Le binôme déjà complice de Bertrand Dupré et Lucile Vanstaevel – tous deux issus de l’école Estienne – enrichira les savoir-faire et les pratiques du domaine de la gravure en les ouvrant à de nouveaux champs d’exploration et à des échanges avec d’autres ateliers. Le sujet d’étude qu’ils ont choisi, dans l’univers des estampes largement monochromatiques, porte sur les couleurs et l’encrage des plaques de cuivre, et vise à mieux accompagner les artistes contemporains dans leur travail de création. À travers, notamment, l’impression en couleur des planches modernes les plus complexes de la Collection -deux gravures d’interprétation de Jacques Villon, La Maternité, de Picasso et Le Déjeuner sur l’herbe, de Manet-, ils étudieront ensemble les huiles et résines qui forment les liants et servent à broyer les pigments, ainsi que la manière dont sont gravées les plaques : une alchimie indispensable qui permet d’assurer dans le temps la qualité des tirages des planches, selon leur spécificité technique et historique.
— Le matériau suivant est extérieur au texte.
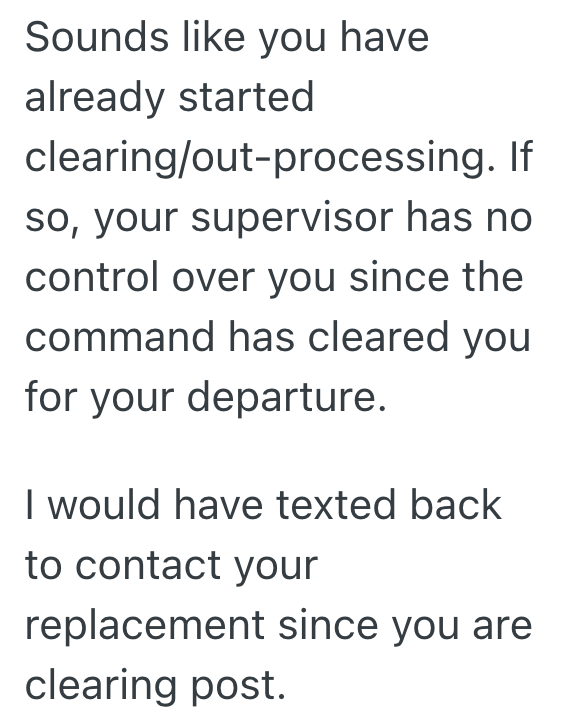 Screenshot 2025 11 13 at 6.31.15 PM Military Service Member Is Called To Work On The Weekend, But Since Hes Moving Bases Soon, He Doesnt Have Any Of The Equipment He Needs To Do His Job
À travers ce titre de Maître d’art, les Ateliers d’art des musées nationaux, qui rassemblent l’atelier de chalcographie et l’atelier de moulage, sont une fois de plus couronnés pour les savoir-faire remarquables et précieux de leurs artisans d’élite. Une reconnaissance qui s’ajoute au titre de Meilleur Ouvrier de France (MOF) reçu en 2015 par Arnaud Briand, mouleur-statuaire, et aux deux labels de qualité décernés aux ateliers par Entreprise et Découverte (ED) : « Entreprise du patrimoine vivant » (EPV) et « France savoir-faire d’excellence ». Maîtres du geste, les ateliers sont les gardiens avisés d’un patrimoine national.